Dit is het verhaal van Gonnie Netten, voormalig bewoonster van Driekoningenoord. Onze mensen worden ook rollerman of reiziger genoemd.

Ik ben een geboren reiziger.  Op vier januari 1960 werd ik geboren onderweg naar Rotterdam in een ziekenauto. Ons gezin bestond uit vader, moeder, drie broers waarvan de oudste is overleden. Daarnaast heb ik nog twee zussen. Vier kinderen zijn geboren op een kamp in Pernis, de jongste twee op Driekoningenoord.

Vader met mijn jongste broer.

Mijn vader is geboren op een kamp in Schiedam. Hij heeft mijn moeder leren kennen in Breda tijdens het uitgaan. Zij zijn op een kamp in Pernis gaan wonen. Heel mijn familie woont verspreid over heel Nederland op een kamp. Ik herinner mij mijn jeugd voornamelijk als een rondtrekkend bestaan. We gingen overal met de kampeerwagen naar toe, overal waar werk was. Het was een hard bestaan. Opstaan om zes uur, een boterham in de hand en de wagen in. We werkten op het veld waar we vooral aardappelen en peeën rooiden. Kruipend over de grond waren we aan het werk. Het was zwaar werk en wij kinderen moesten allemaal meewerken. We wisten niet beter, dat deed je gewoon. Ook werd de kost verdiend door te venten langs boerderijen. Je had een kar of een fiets met een mand en je verkocht van alles, veters, pleisters, elastiek, teveel om op te noemen. In die tijd gingen wij kinderen niet naar school. We hadden het niet breed maar waren gelukkig. Gelukkiger dan nu.

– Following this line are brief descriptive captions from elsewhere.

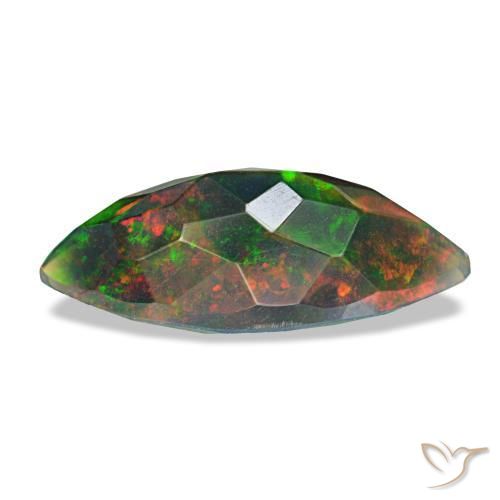 1.50캐럿 천연 멀티컬러 블랙 오팔, 마퀴즈, 13.9×5.8 mm, 불투명체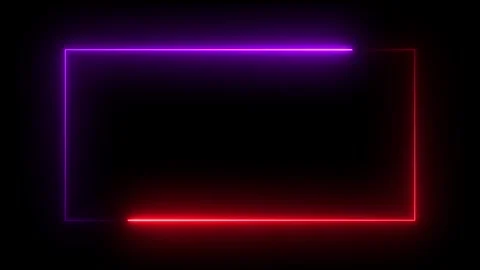 Square rectangle picture frame with two tone neon color motion graphic on i.. Stock Footage 309104920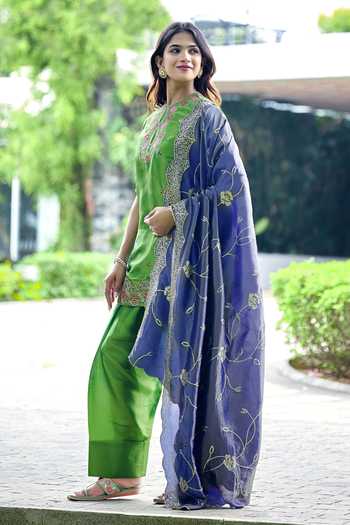 Buy Damoiselle Green Silk, Tissue, Viscose, Shantoon Keyhole Neck, Hand Embroidered Kurta Set Online at Aza Fashions Buy_Damoiselle_Green Silk, Tissue, Viscose, Shantoon Keyhole Neck, Hand Embroidered Kurta Set _Online_at_Aza_Fashions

Ik sta tweede van links netjes met mijn armen over elkaar.

Enkele bewoners.

Toen ik tien jaar was is ons gezin verhuisd naar Driekoningenoord gelegen aan de Terheijdenseweg in Breda. We hadden in die tijd helemaal niets behalve een oude, kleine caravan. We sliepen met drie kinderen in een bed, boven de drie jongens en beneden de drie meiden. Regelmatig kreeg je een dreun van een elleboog of een knie in je rug. Het was erg krap allemaal. Vanaf die tijd gingen we naar het kampschooltje. We volgden daar taal- en rekenlessen. Gelukkig hebben we leren lezen en schrijven. Tot ons veertiende jaar kregen we les. Daarna was daar geen geld meer voor, we gingen werken. Wij vermaakten ons met kattenkwaad uithalen, een beetje knokken, blik lopen, hinkelen en ballen. We waren allemaal broertjes en zusjes van elkaar, niet echt natuurlijk, maar we deden alles samen. Ook was er een kerkje op Driekoningenoord, ik vond het leuk om daar naar toe te gaan. Mijn broer Peter ging op vijftienjarige leeftijd in een slachthuis werken. Mijn andere broer, Henk, ging aan het werk in een fabriek in Breda. Welke fabriek dat was weet ik niet meer. Mijn oudste zus heeft ook gewerkt.

Ik op Driekoningenoord.

Het was een armoedig bestaan, maar we waren tevreden. Het stageld was zeveneneenhalve gulden per week, voor stroom moesten we guldens in een automaat gooien, dat was duur en we hadden dan maar even stroom. Wanneer we iets kregen waren we blij, zo vaak gebeurde het niet dat we iets kregen. Ik herinner mij dat er een chocoladeletter was met Sinterklaas. Er werd een stuk afgeknaagd, de rest ging in de pan. Dan werd er melk gehaald en moeder maakte daar chocolademelk van. Een feest was het dan, we deelden alles en genoten ervan.  Maar het was een groot gezin, veel liefde kregen we niet. Daar was geen tijd voor.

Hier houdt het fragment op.